Bill description: HB 575 makes it possible for distilling companies to hold tastings at state liquor stores.
Does it transfer a function of the private sector to the government? Examples include government ownership or control of any providers of goods or services such as the Land Board’s purchase of a self-storage facility, mandatory emissions testing, or pre-kindergarten. Conversely, does it eliminate a function of government or return a function of government to the private sector?
HB 575 establishes a framework through which a manufacturer or supplier of distilled spirits can conduct a tasting of its product or products at a state liquor store. Unfortunately, this bill does not get government out of the business of selling alcohol. But it does give manufacturers and suppliers of distilled spirits a marketing opportunity they do not have under current law.

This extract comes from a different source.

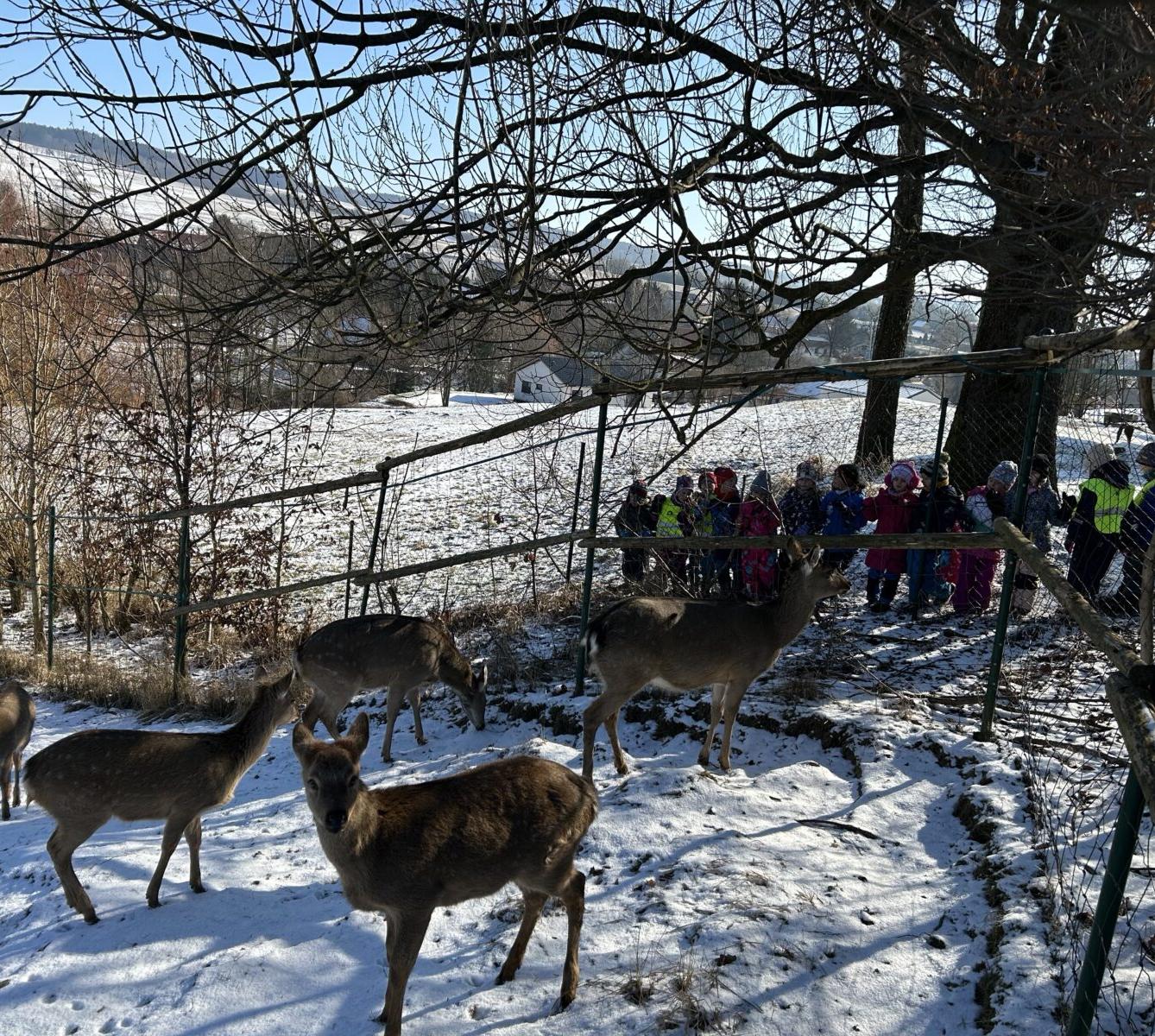 SOVIČKY: ZIMA NÁM NEVADÍ - 18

Analyst's Note: HB 575 is similar to HB 414, introduced earlier this year, but this latest iteration is worse in two respects.
First, it adds a provision that would require the distilled spirits supplier to notify the Idaho State Police before it conducts any tasting event under the rules of this section. Not only is this entirely unnecessary, but it pushes Idaho further in the direction of over regulation of commerce.
Second, it forbids the State Liquor Division from advertising or otherwise promoting to the public a tasting event that is held within the bounds of this legislation. The state holds an absolute monopoly on liquor sales, controls all the stores, and operates the websites for these stores. Yet this government monopoly will not even inform the public about a tasting taking place in a store that it operates. This prohibition serves no rational purpose and is entirely contrary to the logical operation of a business enterprise.